Armed Forces

Aircraft tech key as former Soviet states wean off Russian weapons

A Saab JAS 39C Gripen jet performs during an aerial show in Eslov, Sweden, in this file photo.

A Saab JAS 39C Gripen jet performs during an aerial show in Eslov, Sweden, in this file photo.  (REUTERS/Johan Nilsson/TT News Agency/Files)

In the shadow of the recent conflict and the shaky ceasefire between Ukraine and Russian-backed Ukrainian separatists, NATO has enjoyed some resurgence in its post-Cold War relevance. At the same time, the spotlight has fallen on the Ukraine and other former Soviet states, some NATO members, and their readiness to face Russia should Moscow take more direct military action in future.

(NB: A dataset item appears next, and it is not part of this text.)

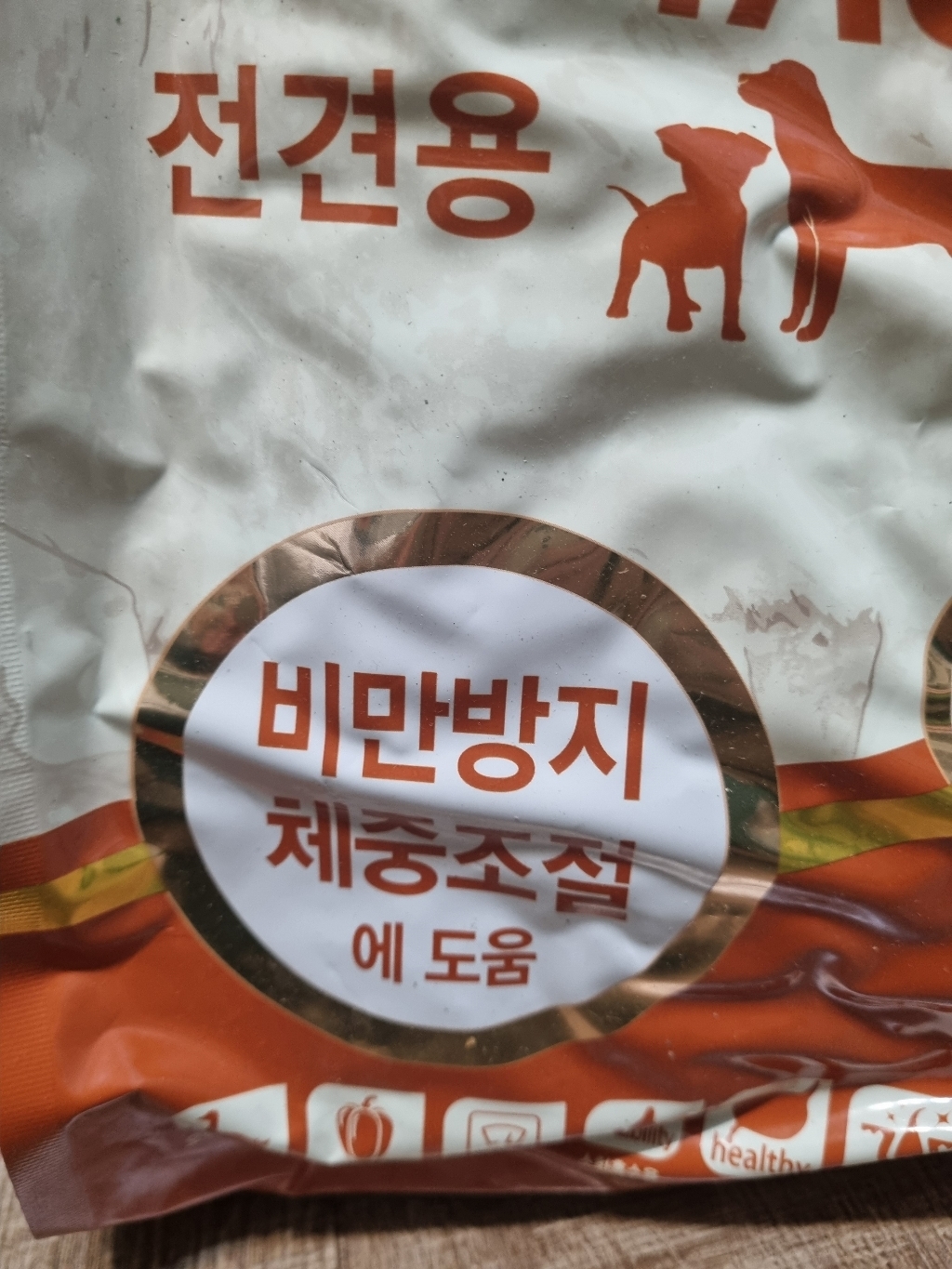 애니펫 명품명가 플러스 오리+호박 5kg 체중조절 다이어트 면역력 전연령 기호성 좋은 대용량 강아지사료 x 2개 이미지 3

After years of financial constraints, mismanagement and neglect, concerns over the state of readiness of the former Soviet states armed forces are mounting. One of the key areas of concern is the dependence these states still have on Russian military hardware, and their ongoing reliance on Russia to maintain these weapons systems. In some former Soviet countries it has been concluded that continued dependence on Russian support for Russian-built weapons systems will end with "catastrophic consequences" should any serious direct or proxy military conflict between Russia and its neighbors break out.

Recent media reports quote interim Bulgarian Defense Minister Velizar Shalamanov as stating that Bulgarian reliance on outdated Soviet-era equipment, which requires maintenance in Russia and spare parts manufactured there, meant depending on neighbors Greece and Romania to secure Bulgarian borders during the recent conflict in Ukraine. 

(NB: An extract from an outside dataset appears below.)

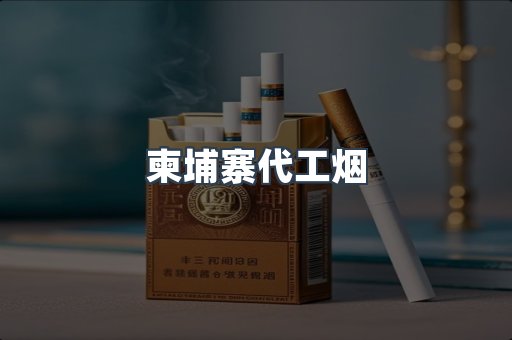 日本香烟系列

In an interview with the BBC earlier this month, Shalamanov highlighted military aircraft and air defenses as an area of concern, noting that "all the radars, all the surface-to-air missile complexes and fighters were produced in the Soviet Union." The minister added that "maintenance, especially of the fighters, depends very much on overhaul of the engines and other equipment in Russia."

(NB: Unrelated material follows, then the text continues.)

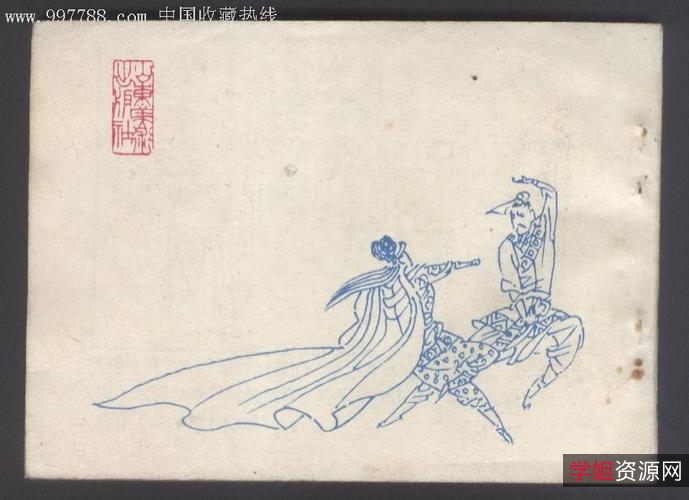 武侠连环画「螳螂拳演义」全系列高清分享！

Bulgaria is an E.U. and NATO member, yet despite membership of these ‘Western’ institutions, and the potential advantages that should go with belonging to them, the Bulgarian armed forces have still not been able to successfully wean themselves off dependence on Russian-built Soviet-era weapons systems. In his BBC interview, Shalamanov blamed 10 to 15 years of mismanagement of the Bulgarian armed forces for this potentially catastrophic situation.

Other former Soviet states, however, have fared better, opting to mothball Russian-built military planes and replace them with European or American built-alternatives. The Bulgarian Air Force has considered buying used American-built F-16s from Italy or Greece, or alternatively purchasing used Eurofighters from Portugal, according to Shalamanov, much to the annoyance of Russia.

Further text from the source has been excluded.